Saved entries
BEGIN

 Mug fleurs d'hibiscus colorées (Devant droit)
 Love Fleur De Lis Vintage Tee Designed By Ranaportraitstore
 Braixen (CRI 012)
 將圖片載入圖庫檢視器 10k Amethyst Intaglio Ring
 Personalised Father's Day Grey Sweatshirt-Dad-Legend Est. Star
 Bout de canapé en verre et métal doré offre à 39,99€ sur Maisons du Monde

END
BEGIN

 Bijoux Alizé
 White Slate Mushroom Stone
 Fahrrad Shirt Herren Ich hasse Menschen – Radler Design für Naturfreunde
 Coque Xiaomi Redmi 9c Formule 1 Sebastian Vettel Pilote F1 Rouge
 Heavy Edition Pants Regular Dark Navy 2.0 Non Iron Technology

END
BEGIN

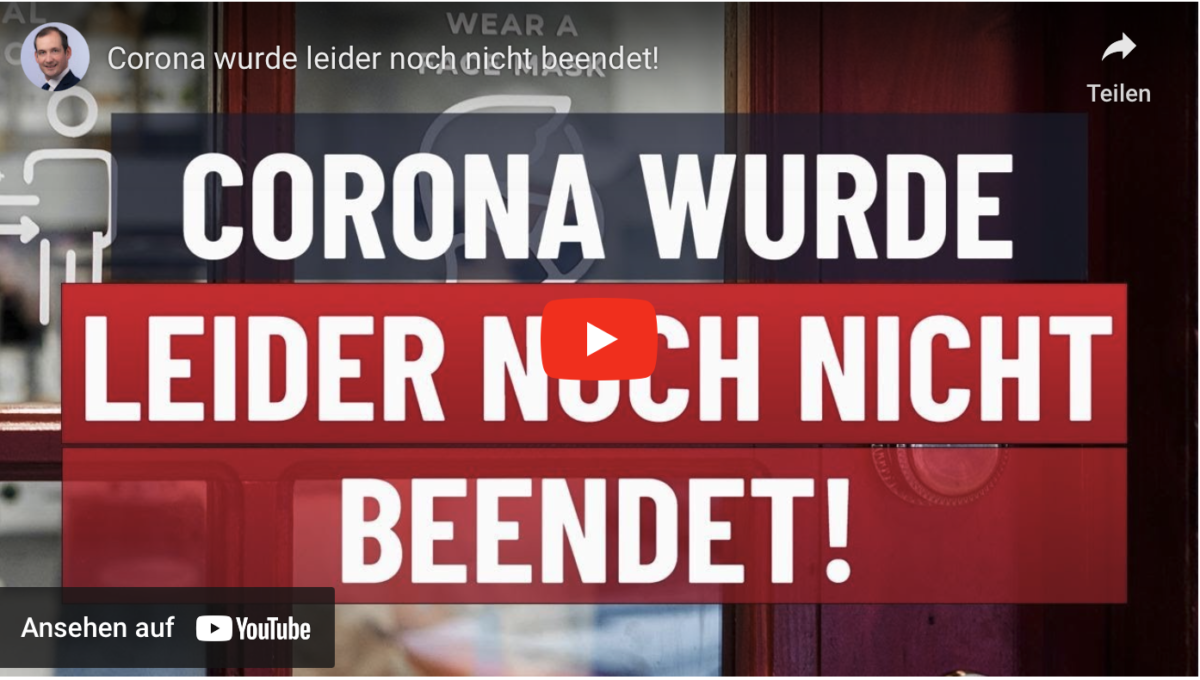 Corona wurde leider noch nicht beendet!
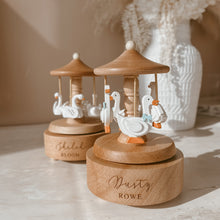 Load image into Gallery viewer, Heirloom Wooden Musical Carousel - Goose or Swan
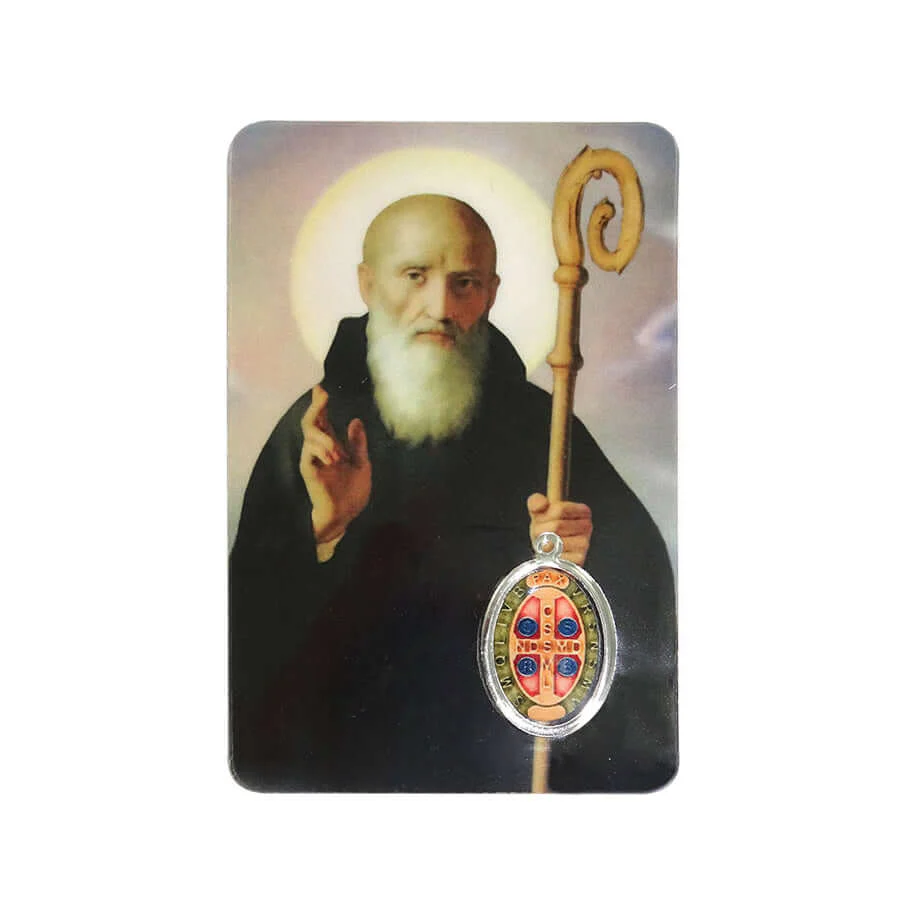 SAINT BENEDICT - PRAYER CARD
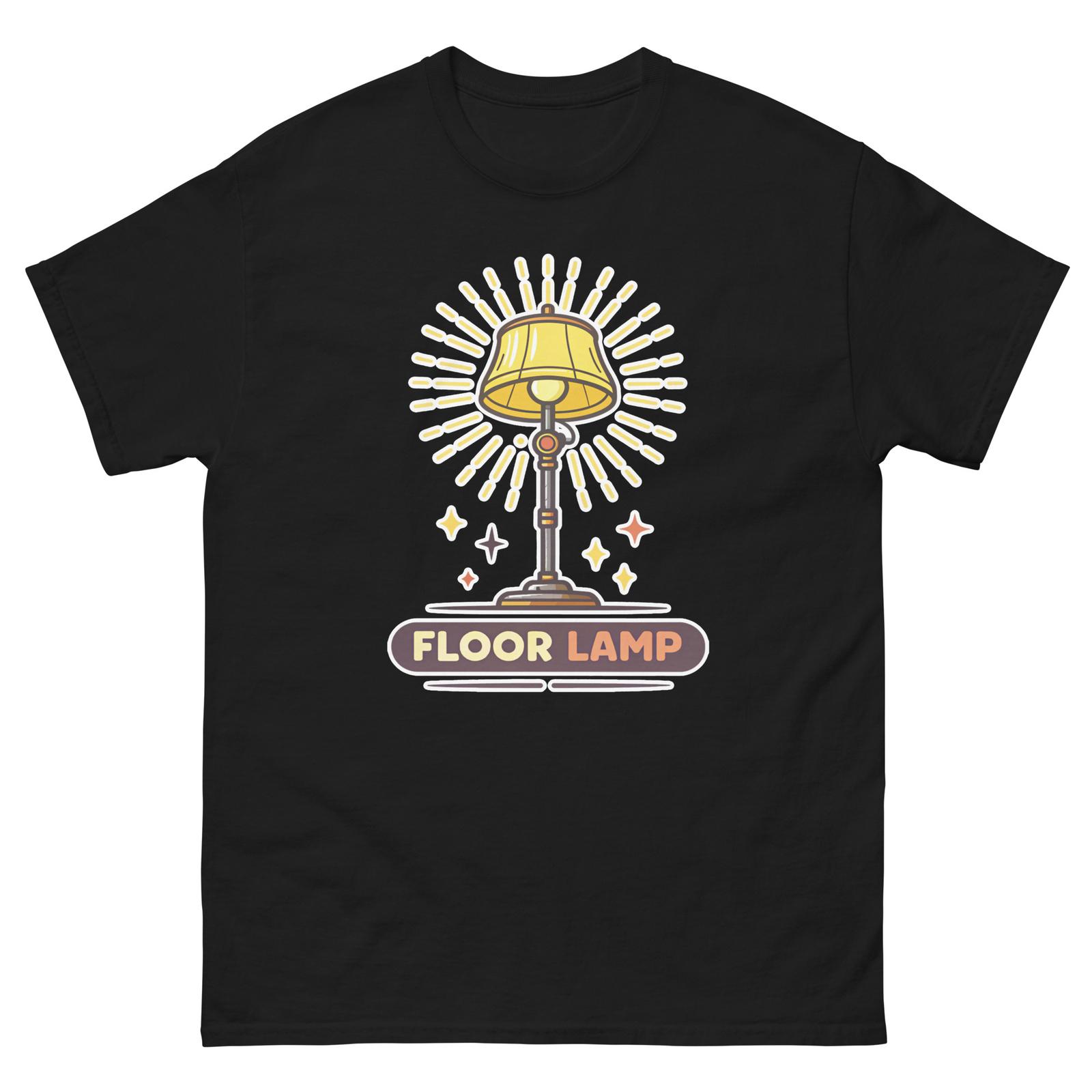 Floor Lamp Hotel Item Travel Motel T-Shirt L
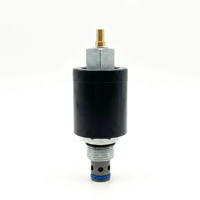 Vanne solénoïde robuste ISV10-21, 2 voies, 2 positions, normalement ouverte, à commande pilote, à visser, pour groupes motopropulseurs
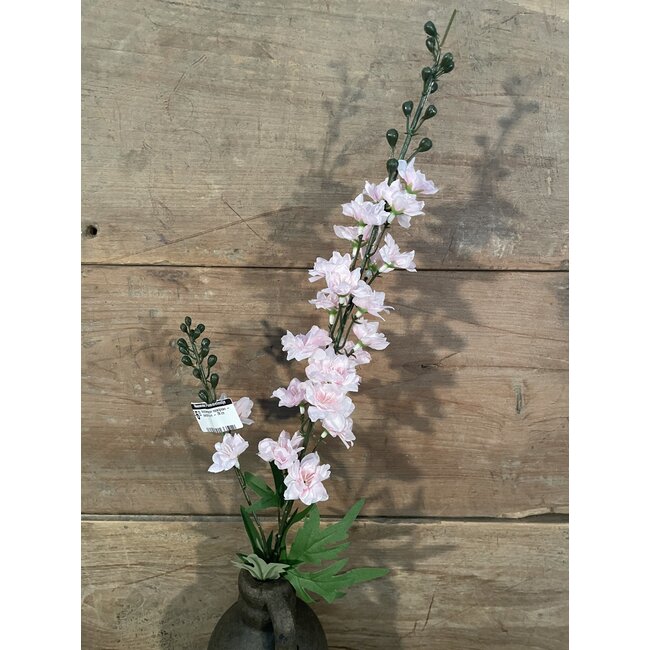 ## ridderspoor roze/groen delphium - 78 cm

END

**Task statement**
In the data above, retype exactly and only the lines between the one holding "將圖片載入圖庫檢視器 10k Amethyst Intaglio Ring" and the one holding "Bout de canapé", inclusive.

**Task result**
 將圖片載入圖庫檢視器 10k Amethyst Intaglio Ring
 Personalised Father's Day Grey Sweatshirt-Dad-Legend Est. Star
 Bout de canapé en verre et métal doré offre à 39,99€ sur Maisons du Monde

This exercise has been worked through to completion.